ARFIMA.arfimaMethod
arfima([rng,] N, σ, d, φ=nothing, θ=nothing) -> Xₜ

Create a stochastic timeseries of length N that follows the ARFIMA process, or any of its subclasses, like e.g. ARMA, AR, ARIMA, etc., see below. σ is the standard deviation of the white noise used to generate the process. The first optional argument is an AbstractRNG, a random number generator to establish reproducibility.

The generating equation for Xₜ is:

\[\left( 1 - \sum_{i=1}^p \phi_i B^i \right) \left( 1-B \right)^d X_t = \left( 1 + \sum_{i=1}^q \theta_i B^i \right) \varepsilon_t\]

with $B$ the backshift operator and $\varepsilon_t$ white noise.

This equation encapsulates all possible variants of ARFIMA and Julia's multiple dispatch system decides which will be the simulated variant, based on the types of d, φ, θ.

Variants

The ARFIMA parameters are (p, d, q) with p = length(φ) and q = length(θ), with p, q describing the autoregressive or moving average "orders" while d is the differencing "order". Both φ, θ can be of two types: Nothing or SVector. If they are Nothing the corresponding components of autoregressive (φ) and moving average (θ) are not done. Otherwise, the static vectors simply contain their values.

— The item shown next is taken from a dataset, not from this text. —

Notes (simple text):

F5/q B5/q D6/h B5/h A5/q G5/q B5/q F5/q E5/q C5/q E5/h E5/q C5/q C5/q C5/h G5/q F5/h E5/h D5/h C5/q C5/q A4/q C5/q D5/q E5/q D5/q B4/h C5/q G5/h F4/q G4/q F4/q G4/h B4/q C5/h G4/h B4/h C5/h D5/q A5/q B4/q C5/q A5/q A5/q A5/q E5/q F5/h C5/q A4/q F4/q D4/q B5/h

If d is Nothing, then the differencing (integrated) part is not done and the process is in fact AR/MA/ARMA. If d is of type Int, then the simulated process is in fact ARIMA, while if d is AbstractFloat then the process is ARFIMA. In the last case it must hold that d ∈ (-0.5, 0.5). If all d, φ, θ are nothing, white noise is returned.

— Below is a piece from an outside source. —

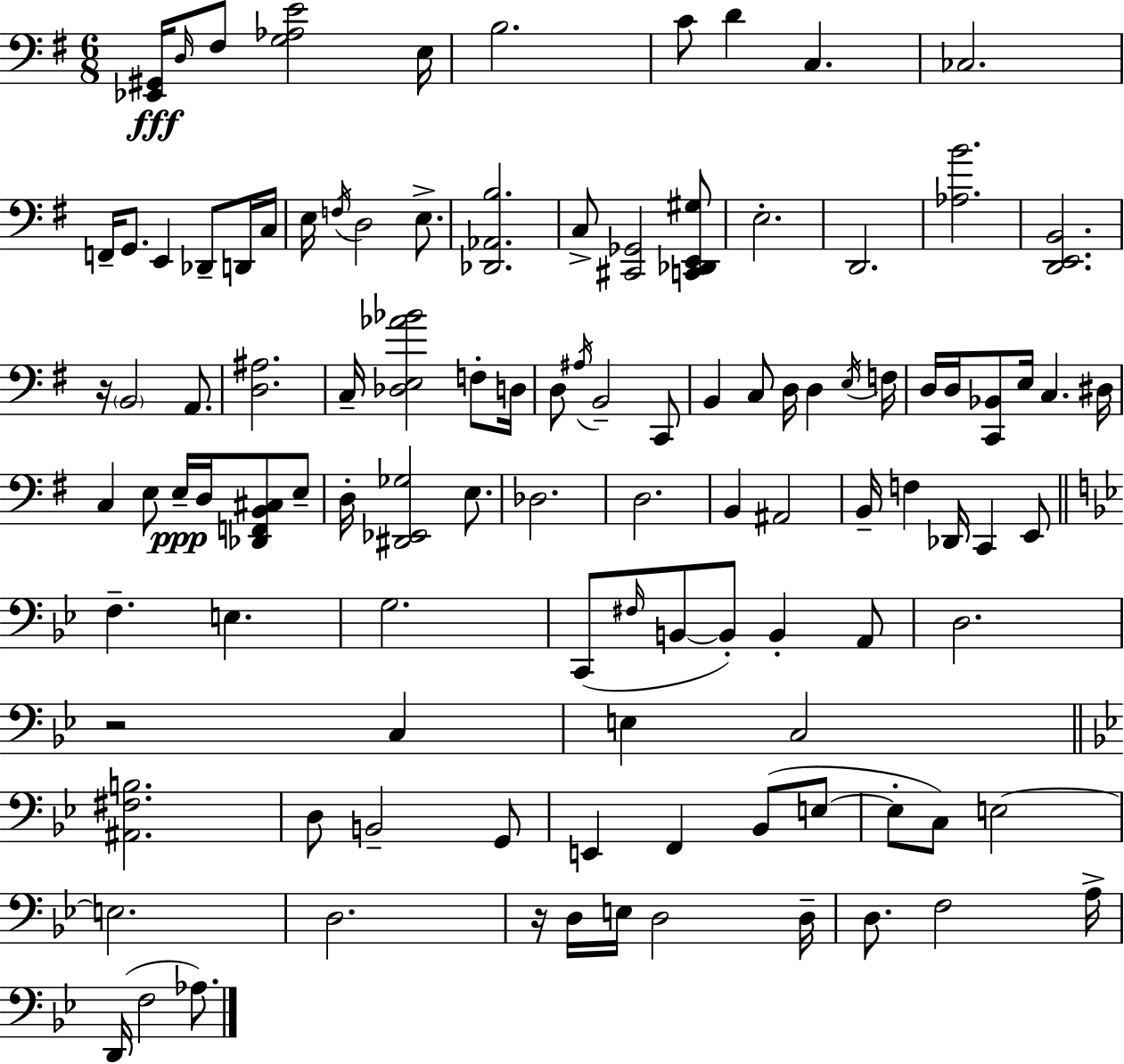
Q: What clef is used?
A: bass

The function arma(N, σ, φ, θ = nothing) is provided for convienience.

Examples

N, σ = 10_000, 0.5
arfima(N, σ, 0.4)                                   # ARFIMA(0,d,0)
arfima(N, σ, 0.4, SVector(0.8))                     # ARFIMA(1,d,0)
arfima(N, σ, 1, SVector(0.8))                       # ARIMA(1,d,0)
arfima(N, σ, 1, SVector(0.8), SVector(1.2))         # ARIMA(1,d,1)
arfima(N, σ, 0.4, SVector(0.8), SVector(1.2))       # ARFIMA(1,d,1)
arfima(N, σ, nothing, SVector(0.8))                 # AR(1)
arfima(N, σ, nothing, nothing, SVector(1.2))        # MA(1)
arfima(N, σ, nothing, SVector(0.8), SVector(1.2))   # ARMA(1,1)
ARFIMA.autoregressiveMethod
autoregressive(N, Z, φ::SVector{P}) -> X

Generate an autoregressive process of length N based on input noise term Z. This is used in both ARFIMA and ARMA. The noise term must have at least N+P elements.

ARFIMA.bdpMethod
bdp(φ::SVector, X::AbstractVector, t)

Perform the backshift dot product between φ and X, with starting index t: $\sum_i \phi_i X_{t-i}$.